2016 Grants


Knowledge is Pow Wow (KPW)
Location: Edmonton, Alberta
A community-based festival building on the success of 2015’s Knowledge is Pow Wow workshop series and showcase. KPW creates safe spaces for dialogue and exploration of issues relating to discrimination, prejudice, especially religious pluralism, and social justice through inclusive conversation and creative expression. From a platform of reconciliation KPW unites communities in hope.

LOVE Nova Scotia Leadership Retreat
Location: Halifax, Nova Scotia
This LOVE Nova Scotia project was a 4-day, 3-night retreat bringing together youth leaders from Halifax, Sipekne’katik First Nation, and Membertou First Nation. The purpose of this retreat was to hone leadership skills, take part in a cross-cultural exchange and relationship-building, and engage with themes of understanding and reconciliation.

MABELLE Youth Leaders: Building Bridges of Celebration
Location: Toronto, Ontario
Three project leaders from different cultural backgrounds mentored 15 Muslim and non-Muslim youth in imagining and producing 4 Iftar Nights in a low-income neighbourhood. MABELLE’s workshops on Islamophobia, cross-cultural collaboration and facilitation prepared participating youth to develop this inter-cultural celebration bringing community members together across real and perceived differences.

Métissages Urbains
Location: Montreal, Quebec
Métissages Urbains is an inclusive artistic residency program in public space that combines artistic co-creation, development of critical thinking, and citizen participation. This project specifically aims at exploring encounters of Indigenous and non-Indigenous people in order to deconstruct identity prejudices and create a common artwork.

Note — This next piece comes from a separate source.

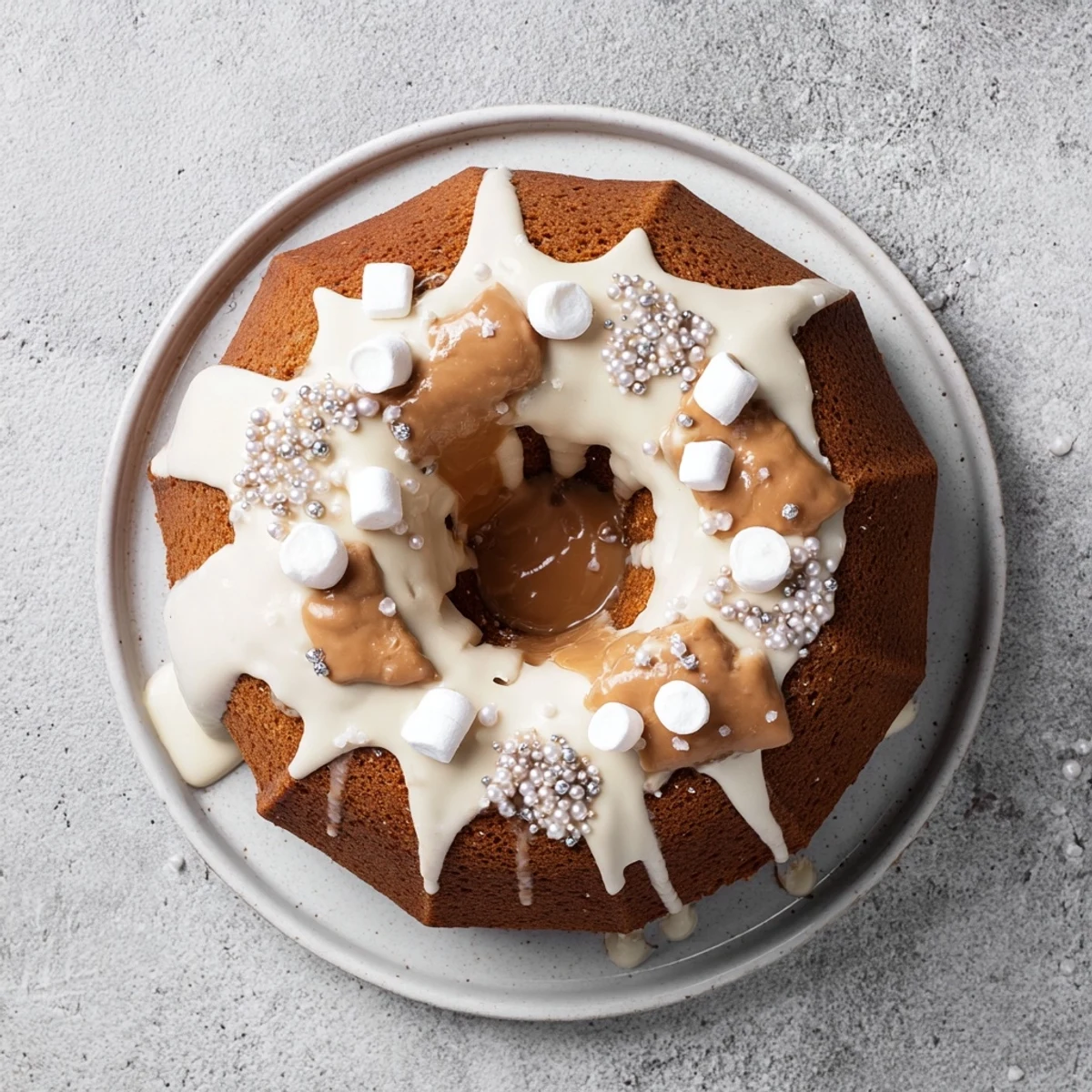 A decorated gingerbread house frame, creating a festive holiday border with treats on a platter.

NGen Allyship: Islamophobia, Transphobia, Homophobia
Location: Hamilton, Ontario
Through a series of youth-led arts-based and popular education learning opportunities, this project addressed issues of Islamophobia, homophobia & transphobia, focusing on youth with personal experience, including Muslim, queer, and trans youth, to further NGen’s impact as an inclusive space in Hamilton.

Responsibility, Right Relations & Reconciliation: Nogojiwanong YSI 2016-17
Location: Peterborough, Ontario
This project offered a variety of opportunities for first-hand, creative and practical bridge-building across diverse youth backgrounds in the region. Through a particular emphasis on Indigenous and Muslim communities and a deconstruction of current prejudices that surround them both, this project created space to find bases of commonality, reconciliation and change-making.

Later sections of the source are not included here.